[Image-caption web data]
Start of Block

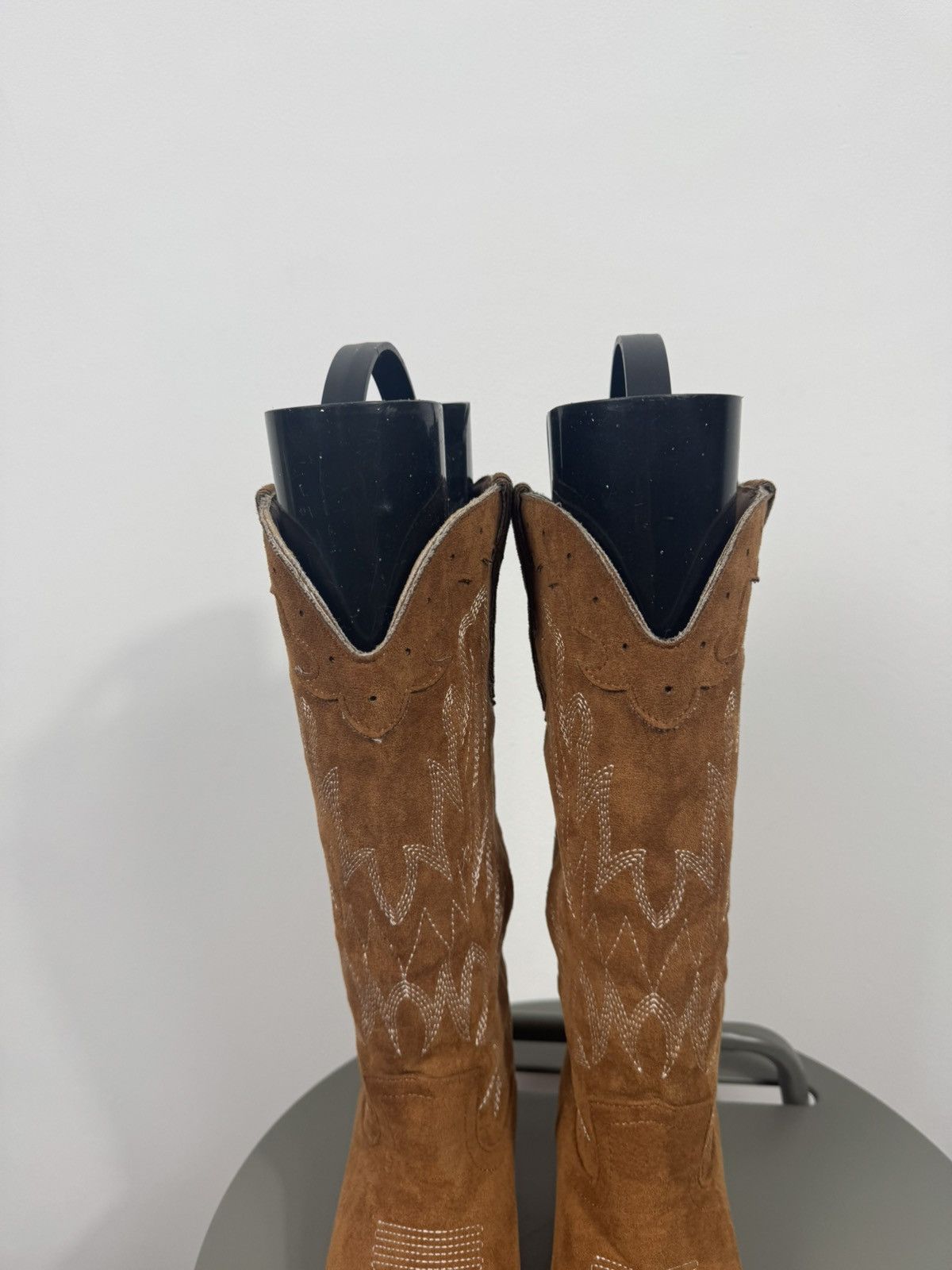 Other Women Western Cowboy Boots Brown Suede Mid Calf Heel EU 37 Size US 6 / IT 36 - 6 Thumbnail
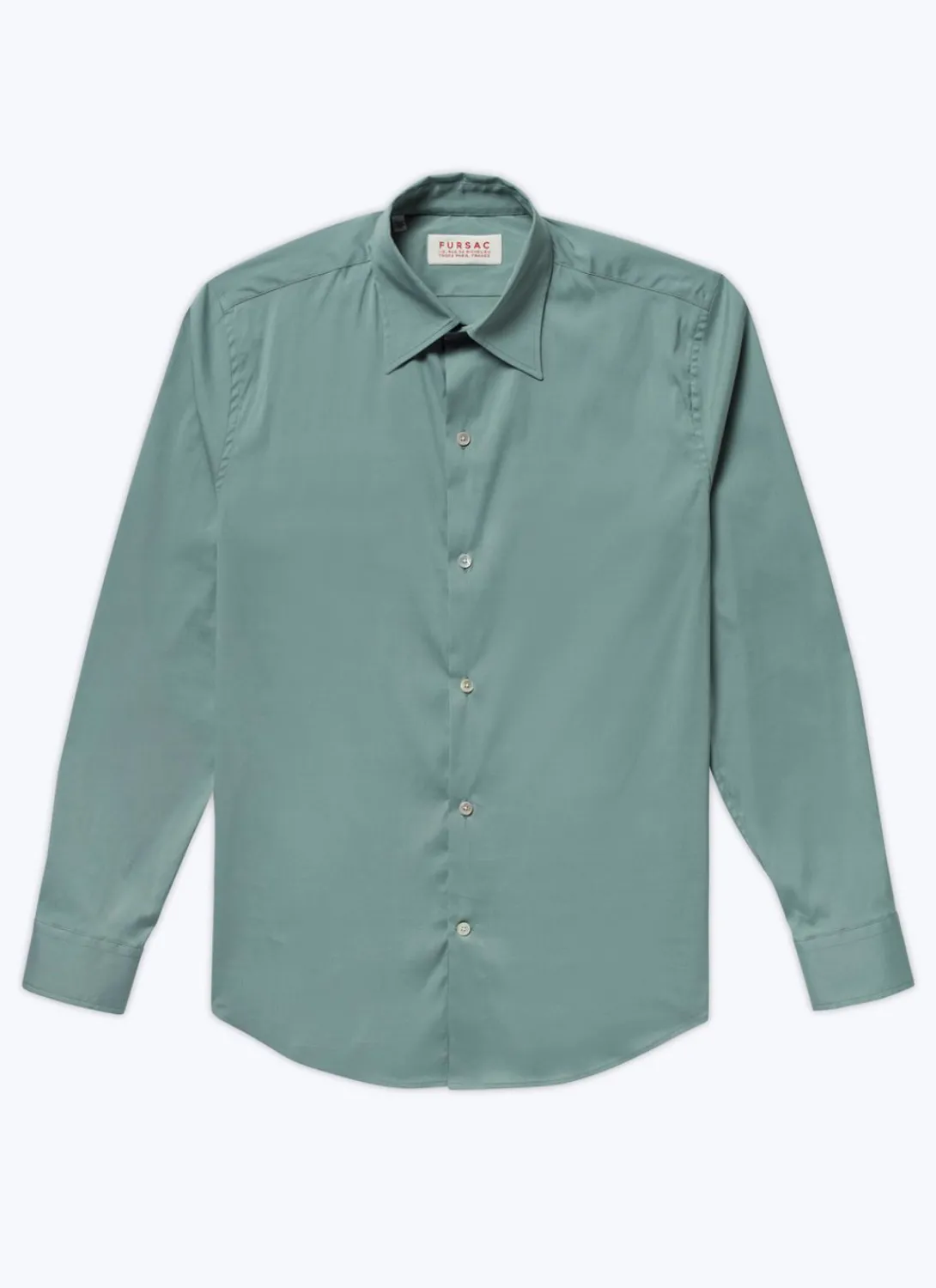 Fursac Blended Cotton Poplin Shirt Sage Green Clearance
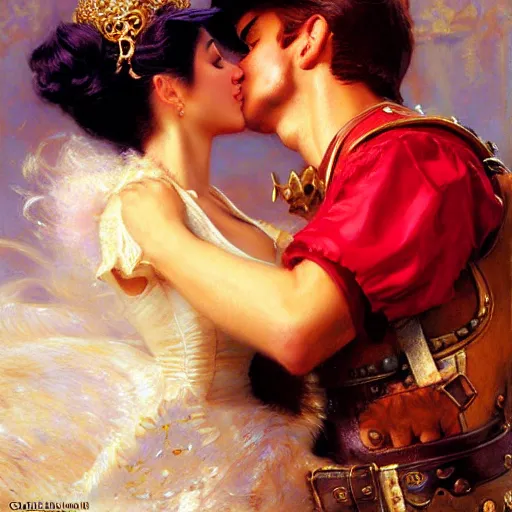 Prompt: a portrait of a mario kissing princess peach. highly detailed painting by gaston bussiere, craig mullins, j. c. leyendecker, furry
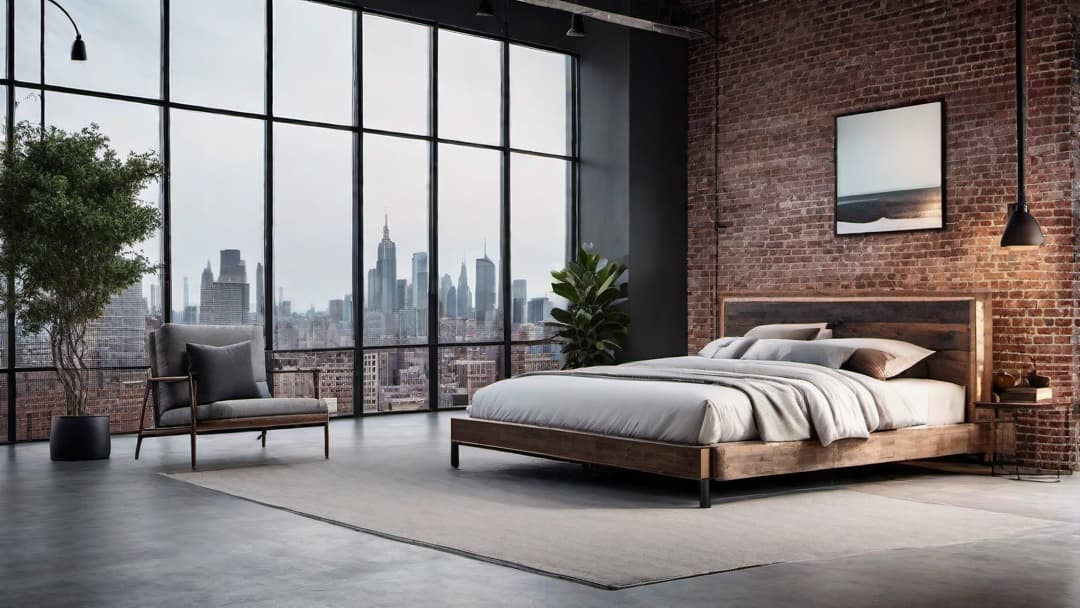  Create an image of an Industrial Chic bedroom featuring an Industrial Bed Frame and Industrial Headboard. The room should have exposed brick walls, metal accents, and reclaimed wood furniture. Include minimalist light fixtures, neutral toned linens, and subtle urban art to create a Modern Industrial Bedroom that balances form and function. hyperrealistic, full body, detailed clothing, highly detailed, cinematic lighting, stunningly beautiful, intricate, sharp focus, f/1. 8, 85mm, (centered image composition), (professionally color graded), ((bright soft diffused light)), volumetric fog, trending on instagram, trending on tumblr, HDR 4K, 8K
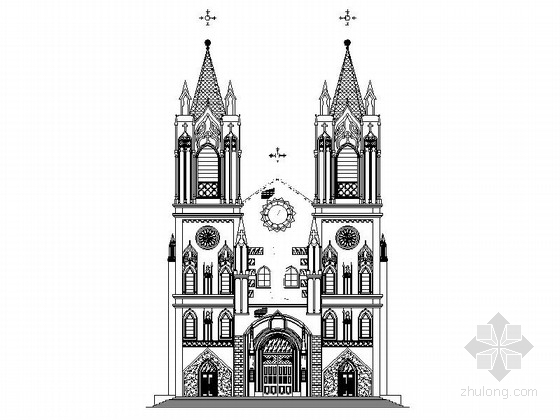 欧式风格教堂建筑施工图资料下载-[内蒙古]欧式风格教堂建筑施工图（知名设计所）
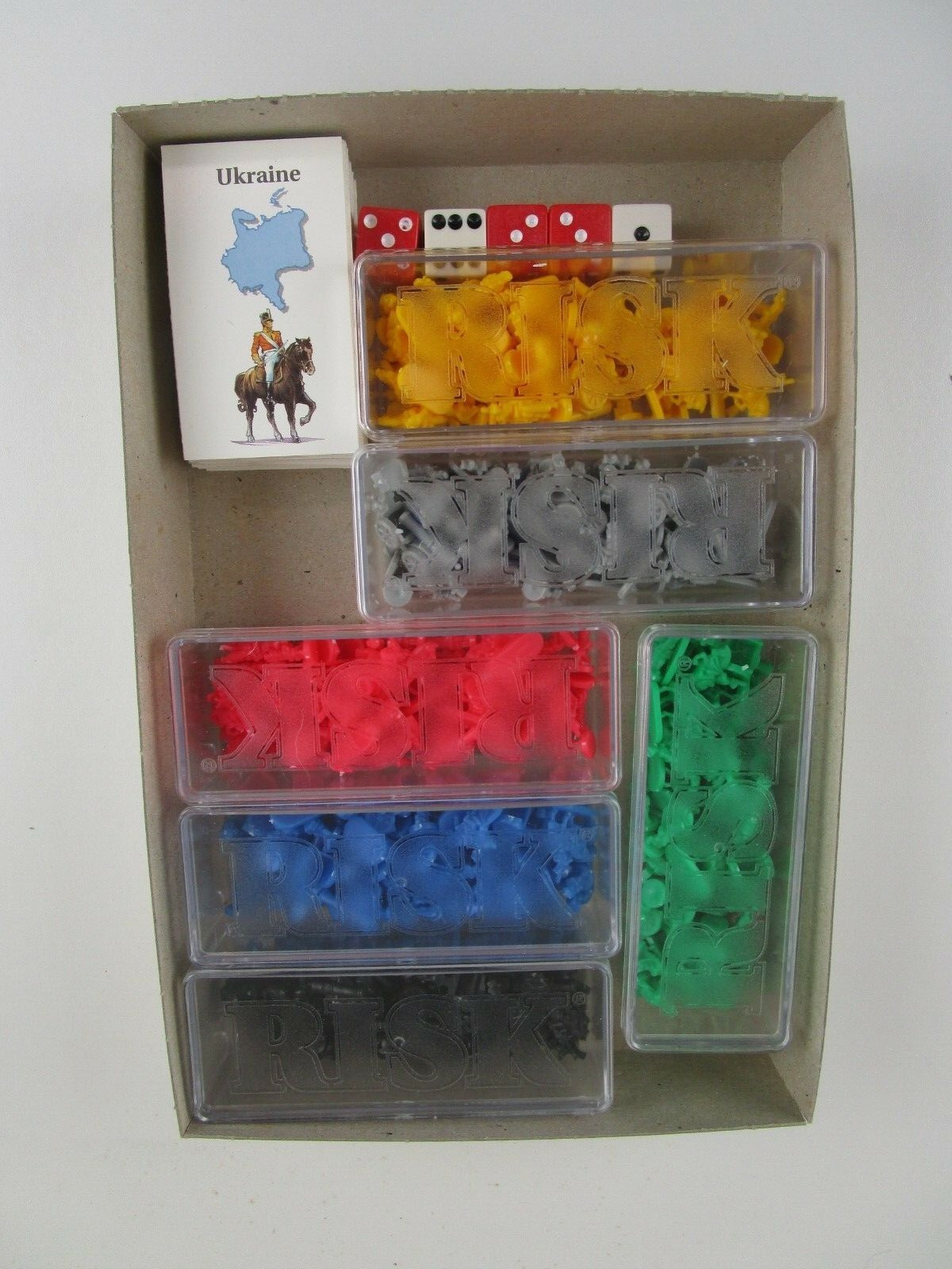 RISK 1993 Replacement Parts - Complete Set Army Pieces, 56 Cards, Dice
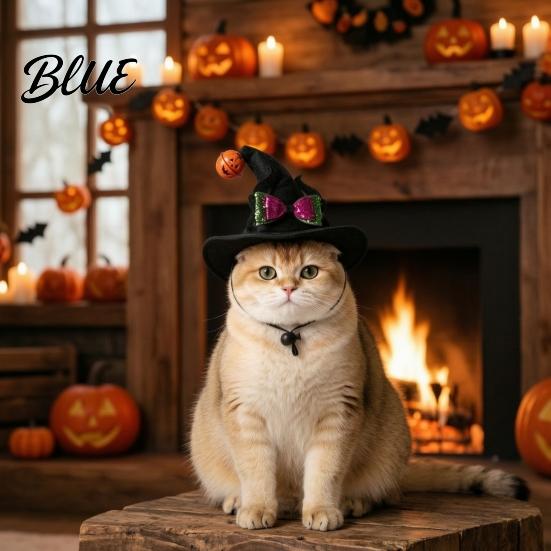 Pet Photo Prop Hat Halloween Cat Wizard Hat Bent Pointed with Pumpkin Bell Accessories Sequined Bow Festive for Cats Small Dogs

End of Block

* What the task requires: Each line from the start of the entries through the line with "Prompt: a portrait" is to be restated exactly, and the pictures are to be skipped.

* Task solution:
 Other Women Western Cowboy Boots Brown Suede Mid Calf Heel EU 37 Size US 6 / IT 36 - 6 Thumbnail
 Fursac Blended Cotton Poplin Shirt Sage Green Clearance
 Prompt: a portrait of a mario kissing princess peach. highly detailed painting by gaston bussiere, craig mullins, j. c. leyendecker, furry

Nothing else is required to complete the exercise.